Le récit a été narré dans l'ouvrage littéraire du journaliste camerounais Frédéric Fenkam.
« Il suffit ici de placer le détenu au centre d’une cellule obscure et insonorisée ; il ne voit rien, n’entend rien, ne touche à rien ; il verse rapidement dans une folie plus destructrice que n’importe quel supplice corporel », raconte le tout puissant patron de la police politique.
« La souffrance physique étant alors inexistante, il ne poussera aucun cri, en proie simplement à une souffrance psychique si insupportable qu’il dira n’importe quoi pour que cesse son tourment. Le procédé avec l’Africain consiste à le mettre dans un état de frayeur où son seul espoir ne reposera plus que sur une éventuelle dénonciation. Il faut minimiser son rôle dans l’affaire et lui promettre protection et fortune en comptant sur un élément psychologique : le voleur, dans l’exercice de sa profession, est moralement préparé. Il sait ce qu’il risque quand il est pris », poursuit-il.
« La prison pour lui est moins douloureuse qu’un « passage à tabac ». Il a vite fait de dire tout ce que vous voulez pour arrêter le supplice. Le détenu politique n’avait pas un seul instant pensé que le fait de prendre une machine à écrire et frapper un texte pourrait lui couter la vie. C’est peut-être un paisible père de famille qui n’a fait que manifester sa propre idéologie politique. Il n’est moralement coupable de rien. Il a peut-être eu tort de suivre les amis qui l’ont entraîné dans cette galère. Ce n’est pas un héros, ce n’est pas un idéologiste convaincu. Alors, il se dit : 'pourquoi devrais-je mourir pour les autres ? Je les dénonce et sauve ma tête…' », raconte Fochivé dans l'ouvrage de Frédéric Fenkam.

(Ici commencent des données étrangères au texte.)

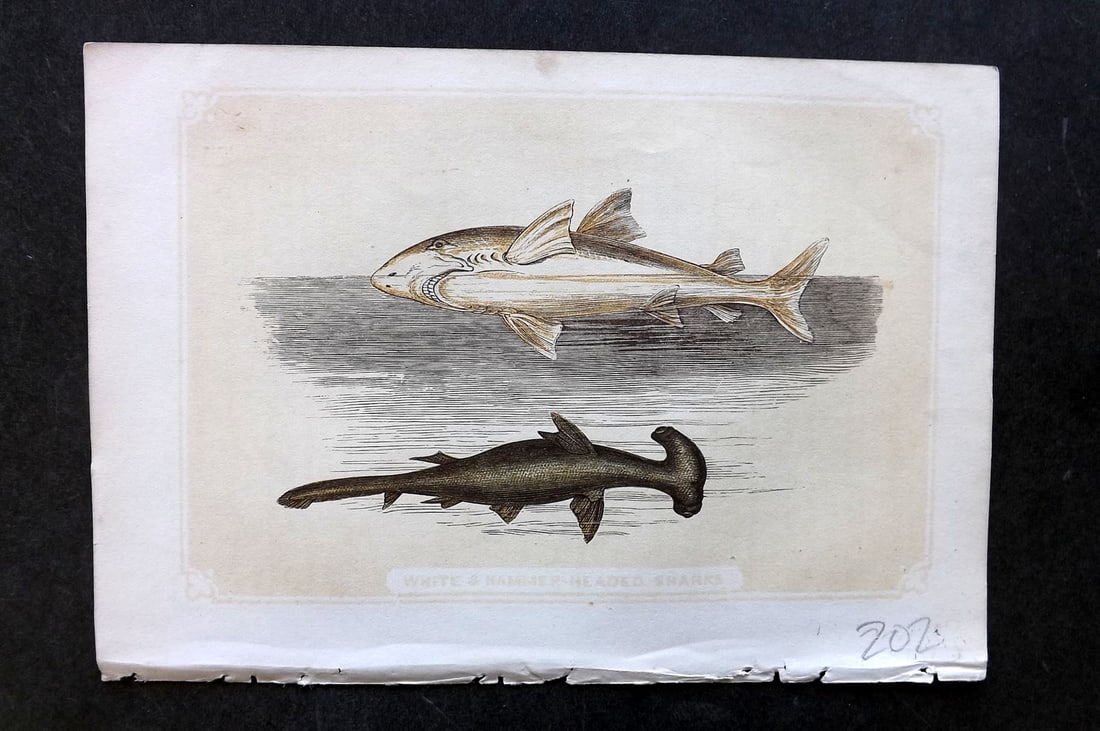 Bicknell, W. I. 1851 Antique Print. Hammerhead & White Sharks (1 of 1)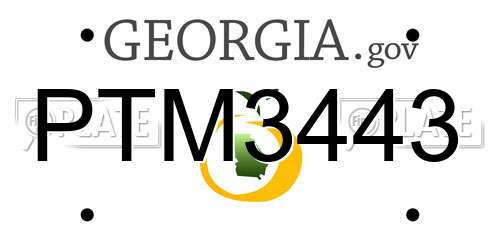 PTM3443 Georgia License Plate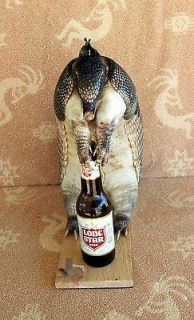 Armadillo LoneStar Beer Bottle Taxidermy TX43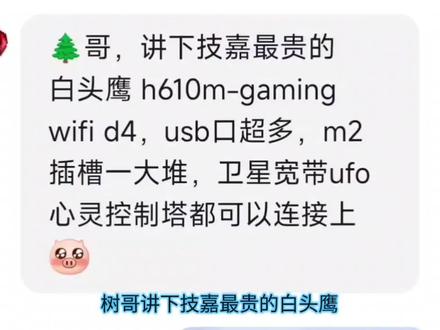 技嘉白头鹰h610 usb&pcie分布情况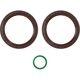 Purchase Top-Quality Camshaft Seal Set by FEL-PRO - TCS46187 pa6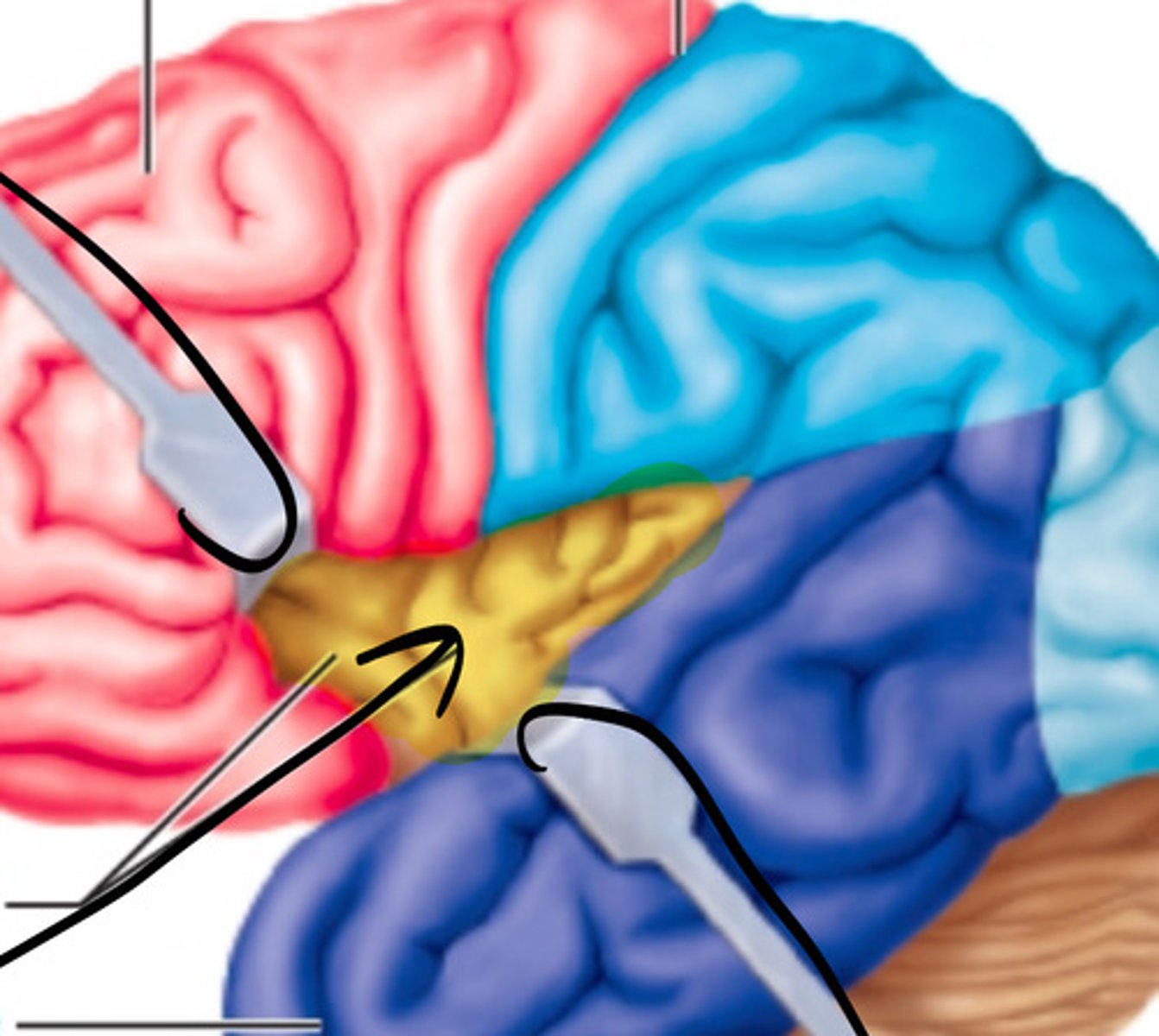 <p>what structure is highlighted in yellow?</p>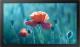 Monitor Samsung Smart Signage QB13R (LH13QBREBGCXEN) 1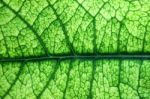 Leaf Vein Texture As Background Stock Photo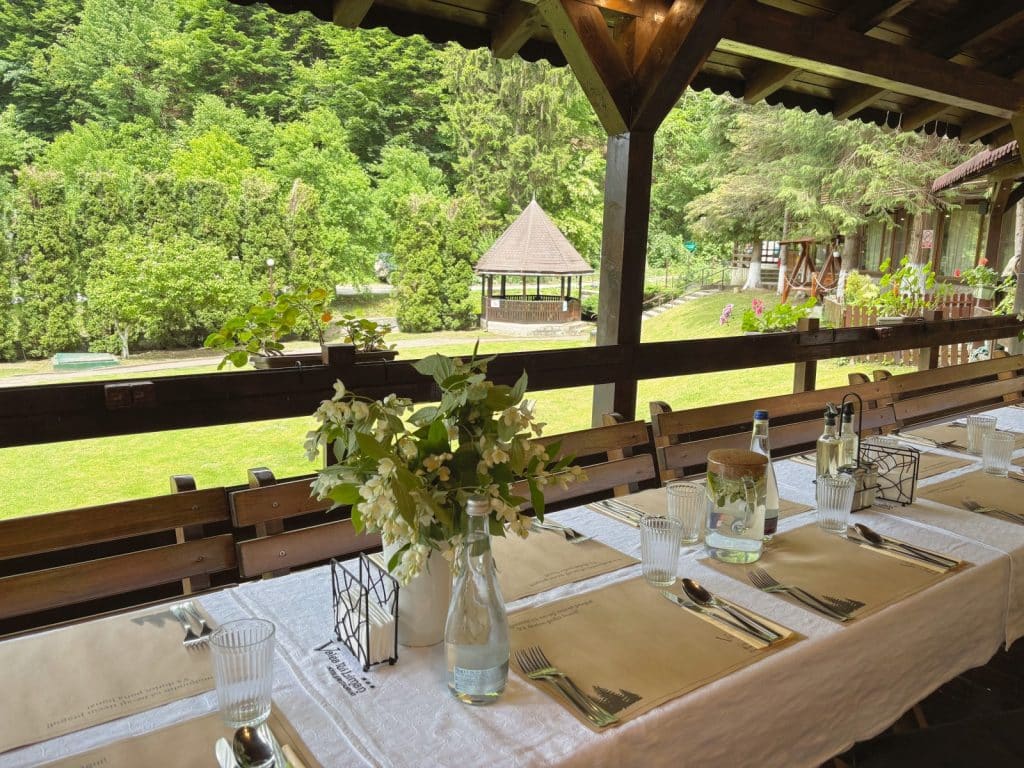 Ein festlich gedeckter Tisch in einem Fischrestaurant in der Region Timis bietet einen idyllischen Ausblick von einer hölzernen Terrasse auf eine grüne Parkanlage mit einem Gartenpavillon.
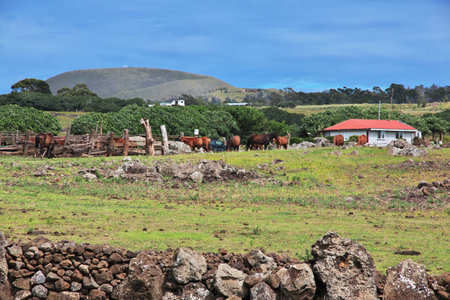 Rapa Nui. The village on Easter Island, Chileの写真素材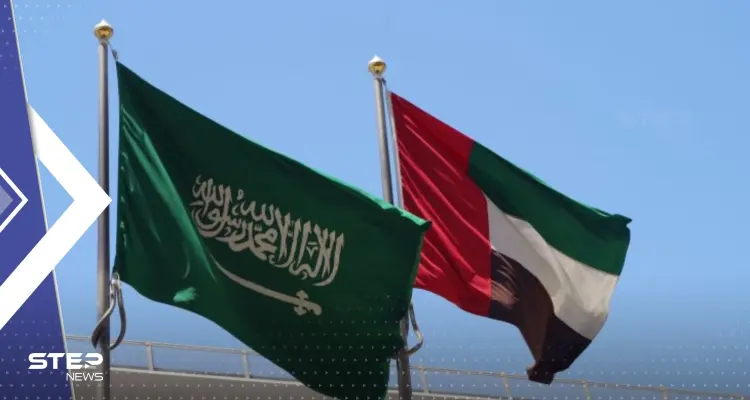 تعليق إماراتي على اللقاء التلفزيوني لولي العهد السعودي مع قناة "فوكس نيوز": أخبار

« Dans cet état de frayeur, il a dénoncé ses complices qui ont été arrêtés et incarcérés. Chose promise, chose due : il est relaxé et rentre chez lui, les poches pleines. Que racontera-t-il à ses proches ? Qu’il a livré ses camarades ? Que non ! il concoctera une histoire dans laquelle il sera un héros, voire un martyr qui, malgré tous les coups de matraque et d’électrochocs reçus, n’aura jamais ouvert la bouche. Il deviendra dans son milieu un grand homme et aussi un de mes agents de renseignements. A ceux-là qui sont très pointilleux, je demanderais de faire la différence entre cinquante coups de matraques et dix jours à « l’ombre ». Non, je pense que tout cela est pareil, parce que l’essentiel est de briser le moral de l’individu, de lui enlever toute sa dignité et tout son sens d’initiative », a-t-il indiqué.